* _Task objective_: Starting with the line that includes "gelato pique ルームウェアセット ダークグレー　福袋　2024　新品", write out every remaining line of the records below exactly as it appears, leaving out any images.

=== Record extracts ===

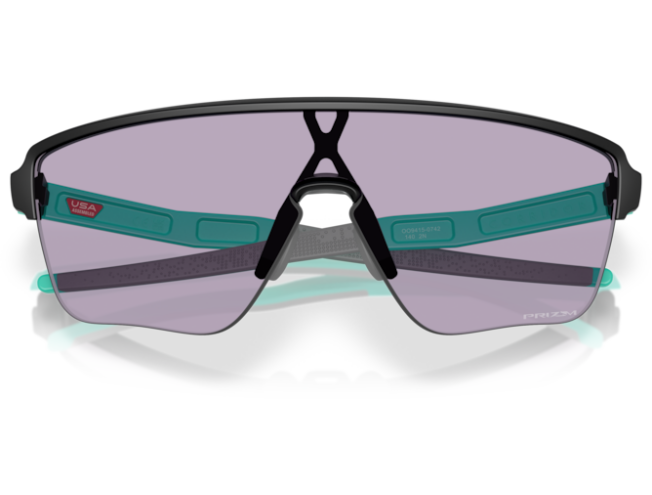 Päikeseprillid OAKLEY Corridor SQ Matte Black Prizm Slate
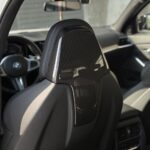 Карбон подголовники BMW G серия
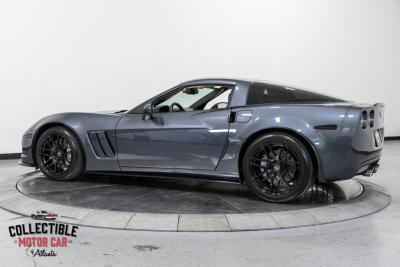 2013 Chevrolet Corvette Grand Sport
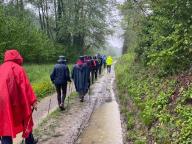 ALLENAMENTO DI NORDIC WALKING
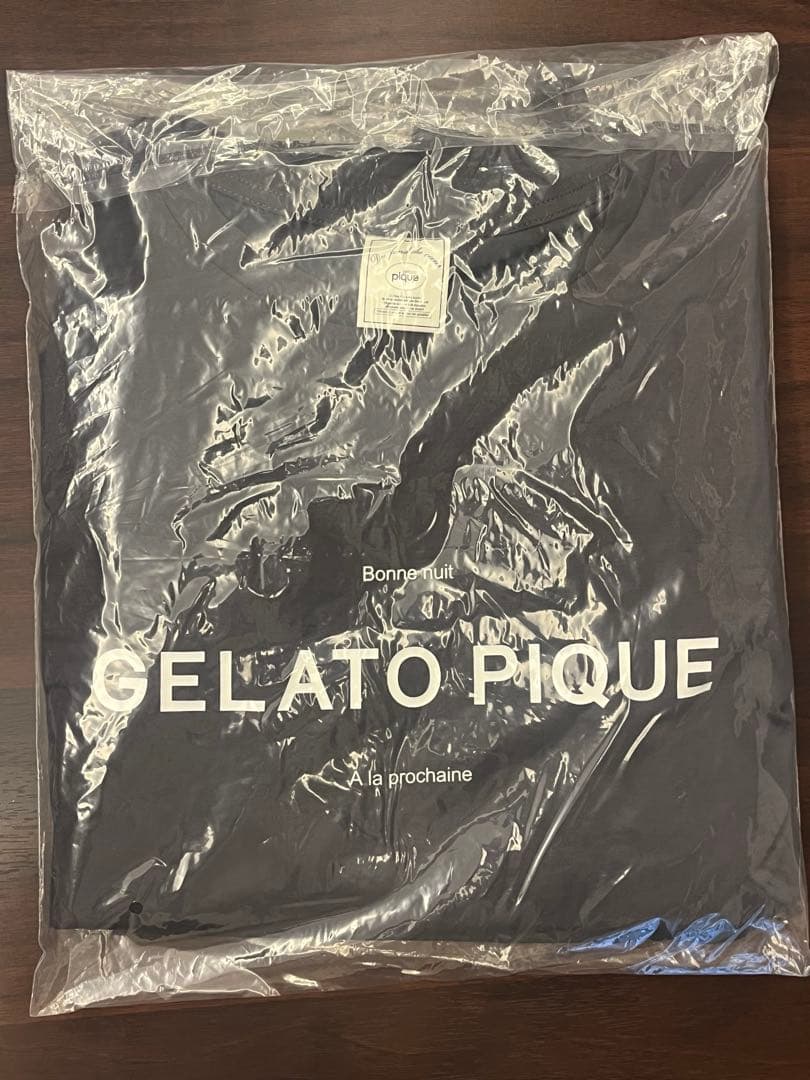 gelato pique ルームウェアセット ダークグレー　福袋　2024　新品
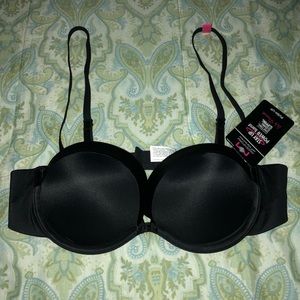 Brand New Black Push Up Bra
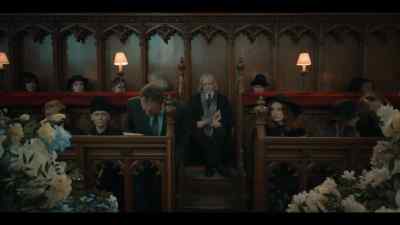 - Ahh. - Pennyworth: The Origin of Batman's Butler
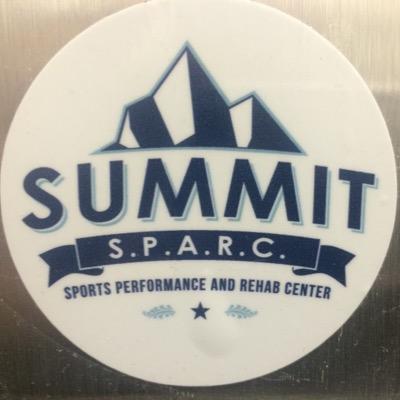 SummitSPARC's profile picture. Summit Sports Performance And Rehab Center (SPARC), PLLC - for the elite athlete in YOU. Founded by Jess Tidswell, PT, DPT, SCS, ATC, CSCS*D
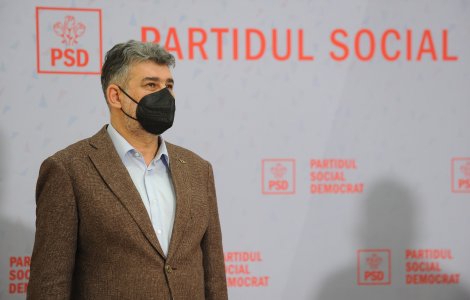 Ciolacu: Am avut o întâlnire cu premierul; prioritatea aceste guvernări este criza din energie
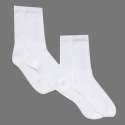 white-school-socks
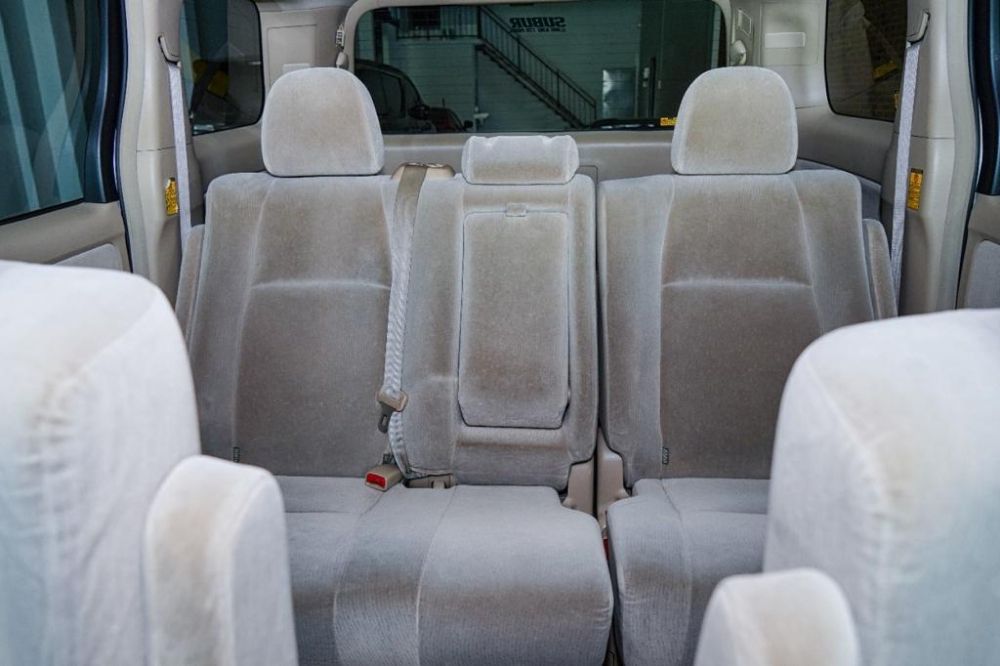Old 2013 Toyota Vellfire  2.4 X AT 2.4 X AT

===

* _Answer box_:
 gelato pique ルームウェアセット ダークグレー　福袋　2024　新品
 Brand New Black Push Up Bra
 - Ahh. - Pennyworth: The Origin of Batman's Butler
 SummitSPARC's profile picture. Summit Sports Performance And Rehab Center (SPARC), PLLC - for the elite athlete in YOU. Founded by Jess Tidswell, PT, DPT, SCS, ATC, CSCS*D
 Ciolacu: Am avut o întâlnire cu premierul; prioritatea aceste guvernări este criza din energie
 white-school-socks
Old 2013 Toyota Vellfire  2.4 X AT 2.4 X AT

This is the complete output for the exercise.